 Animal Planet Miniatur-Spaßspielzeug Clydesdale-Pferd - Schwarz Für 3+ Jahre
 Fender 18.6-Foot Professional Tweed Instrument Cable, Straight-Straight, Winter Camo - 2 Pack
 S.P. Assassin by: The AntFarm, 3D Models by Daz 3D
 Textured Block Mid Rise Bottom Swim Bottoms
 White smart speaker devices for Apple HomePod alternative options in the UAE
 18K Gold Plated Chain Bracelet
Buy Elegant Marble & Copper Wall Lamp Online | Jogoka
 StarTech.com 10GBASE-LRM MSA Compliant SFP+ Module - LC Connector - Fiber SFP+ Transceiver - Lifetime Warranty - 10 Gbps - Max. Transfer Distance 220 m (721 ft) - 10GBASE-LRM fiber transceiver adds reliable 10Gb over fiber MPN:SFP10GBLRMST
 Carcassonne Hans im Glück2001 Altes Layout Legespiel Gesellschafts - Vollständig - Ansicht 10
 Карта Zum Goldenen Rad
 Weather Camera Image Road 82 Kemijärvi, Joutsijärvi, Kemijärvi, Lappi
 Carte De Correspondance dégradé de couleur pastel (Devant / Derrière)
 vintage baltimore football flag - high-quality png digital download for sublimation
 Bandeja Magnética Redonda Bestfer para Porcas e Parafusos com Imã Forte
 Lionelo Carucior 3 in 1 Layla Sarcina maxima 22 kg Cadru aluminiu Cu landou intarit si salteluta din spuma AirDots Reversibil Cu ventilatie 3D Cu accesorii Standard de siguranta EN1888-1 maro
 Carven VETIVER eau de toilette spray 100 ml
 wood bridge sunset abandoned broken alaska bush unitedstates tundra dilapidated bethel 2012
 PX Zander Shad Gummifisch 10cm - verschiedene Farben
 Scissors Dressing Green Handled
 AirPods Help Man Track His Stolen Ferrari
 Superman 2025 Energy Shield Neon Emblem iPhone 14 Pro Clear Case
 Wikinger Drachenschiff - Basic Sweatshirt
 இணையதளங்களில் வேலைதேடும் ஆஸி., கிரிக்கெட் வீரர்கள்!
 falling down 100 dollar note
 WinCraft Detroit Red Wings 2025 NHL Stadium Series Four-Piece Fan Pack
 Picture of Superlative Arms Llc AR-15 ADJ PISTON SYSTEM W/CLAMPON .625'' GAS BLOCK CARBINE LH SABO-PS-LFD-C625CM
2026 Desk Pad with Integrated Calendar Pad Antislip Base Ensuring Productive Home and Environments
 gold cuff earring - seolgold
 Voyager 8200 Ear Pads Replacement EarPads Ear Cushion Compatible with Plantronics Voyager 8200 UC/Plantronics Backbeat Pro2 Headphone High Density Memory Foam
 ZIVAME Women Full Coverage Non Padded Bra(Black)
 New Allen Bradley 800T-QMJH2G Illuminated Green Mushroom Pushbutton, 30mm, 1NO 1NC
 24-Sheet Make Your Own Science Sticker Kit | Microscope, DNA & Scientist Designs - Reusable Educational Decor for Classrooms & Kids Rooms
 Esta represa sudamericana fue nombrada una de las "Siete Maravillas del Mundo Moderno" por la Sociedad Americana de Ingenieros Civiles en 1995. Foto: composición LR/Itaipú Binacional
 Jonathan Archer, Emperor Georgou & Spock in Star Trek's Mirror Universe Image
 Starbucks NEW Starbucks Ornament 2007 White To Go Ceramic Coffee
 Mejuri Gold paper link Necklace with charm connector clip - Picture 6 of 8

****************

■ **WHAT TO PRODUCE**
Where a line of the entries contains "Pack", report that line.

■ **SOLUTION TO THE EXERCISE**
 Fender 18.6-Foot Professional Tweed Instrument Cable, Straight-Straight, Winter Camo - 2 Pack
 WinCraft Detroit Red Wings 2025 NHL Stadium Series Four-Piece Fan Pack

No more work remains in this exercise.